• **Exercise**
Give back each entry unchanged, minus pictures.

• **Source records**

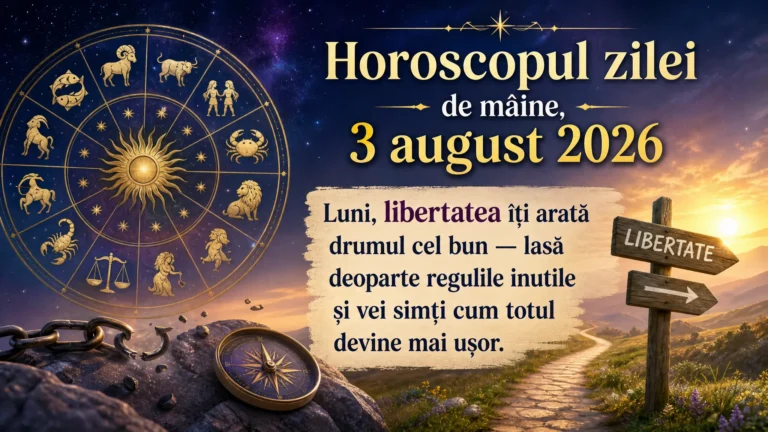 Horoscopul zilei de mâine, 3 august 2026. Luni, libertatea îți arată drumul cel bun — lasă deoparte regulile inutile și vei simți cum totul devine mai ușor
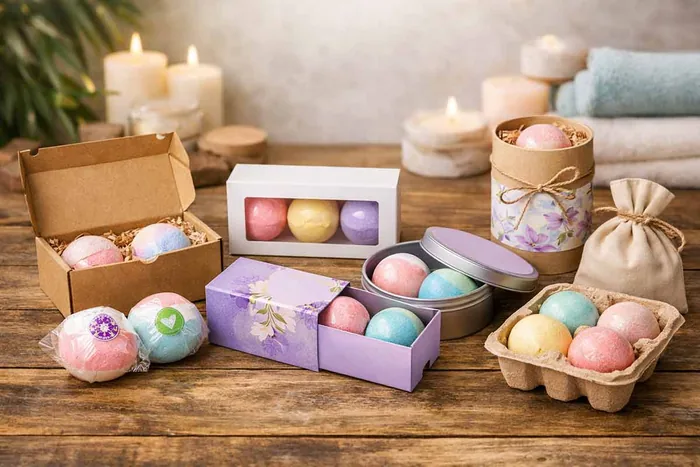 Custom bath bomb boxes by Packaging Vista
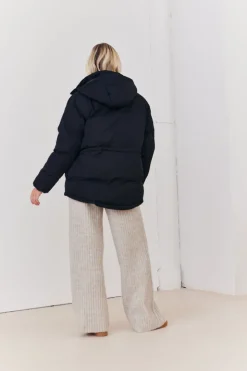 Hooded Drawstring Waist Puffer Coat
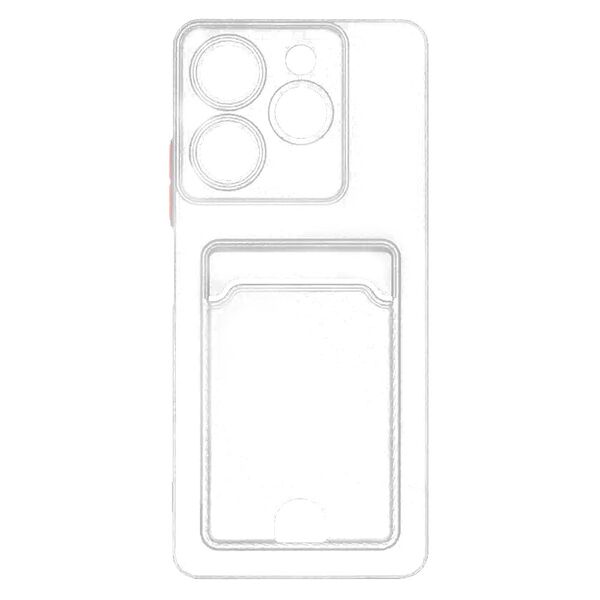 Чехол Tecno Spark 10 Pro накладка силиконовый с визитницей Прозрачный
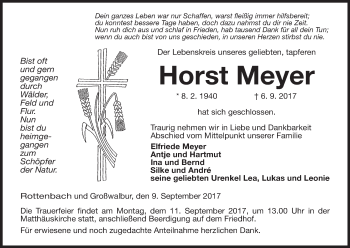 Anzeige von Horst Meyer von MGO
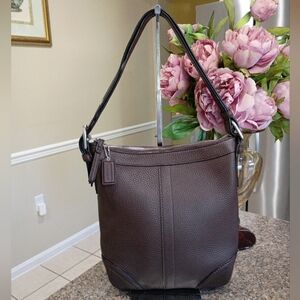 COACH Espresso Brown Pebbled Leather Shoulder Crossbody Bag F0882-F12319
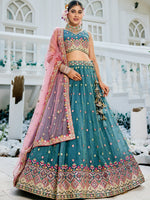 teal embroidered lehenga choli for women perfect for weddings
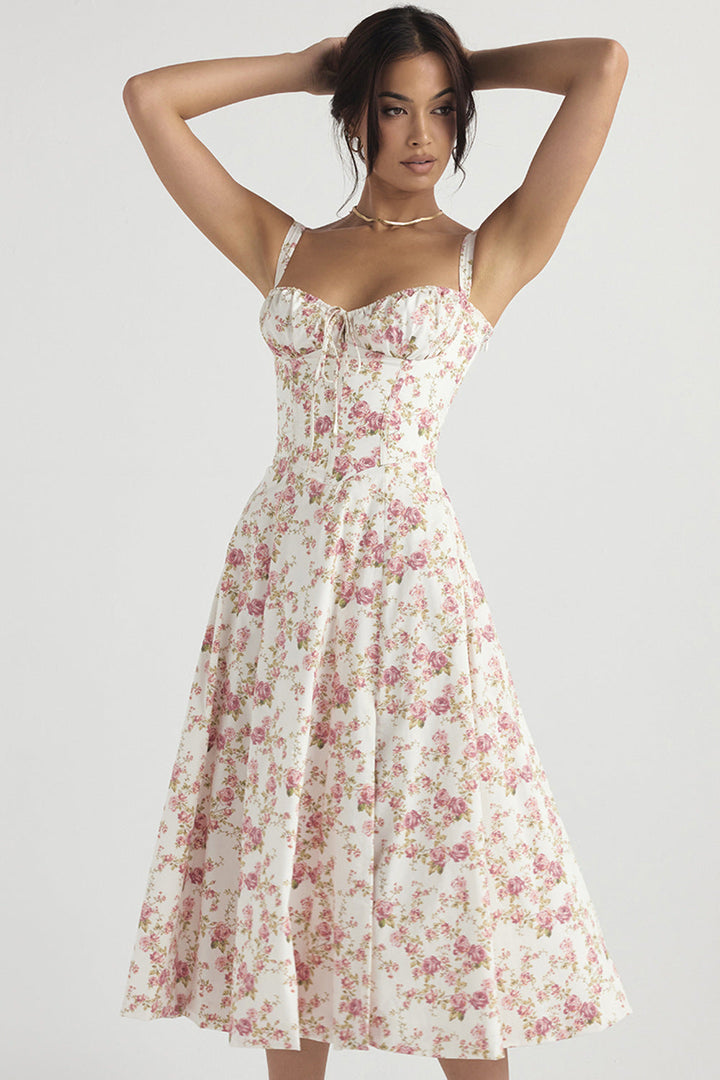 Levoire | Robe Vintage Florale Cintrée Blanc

• **Problem solution**
 Horoscopul zilei de mâine, 3 august 2026. Luni, libertatea îți arată drumul cel bun — lasă deoparte regulile inutile și vei simți cum totul devine mai ușor
 Custom bath bomb boxes by Packaging Vista
 Hooded Drawstring Waist Puffer Coat
 Чехол Tecno Spark 10 Pro накладка силиконовый с визитницей Прозрачный
 Anzeige von Horst Meyer von MGO
 COACH Espresso Brown Pebbled Leather Shoulder Crossbody Bag F0882-F12319
 teal embroidered lehenga choli for women perfect for weddings
 Levoire | Robe Vintage Florale Cintrée Blanc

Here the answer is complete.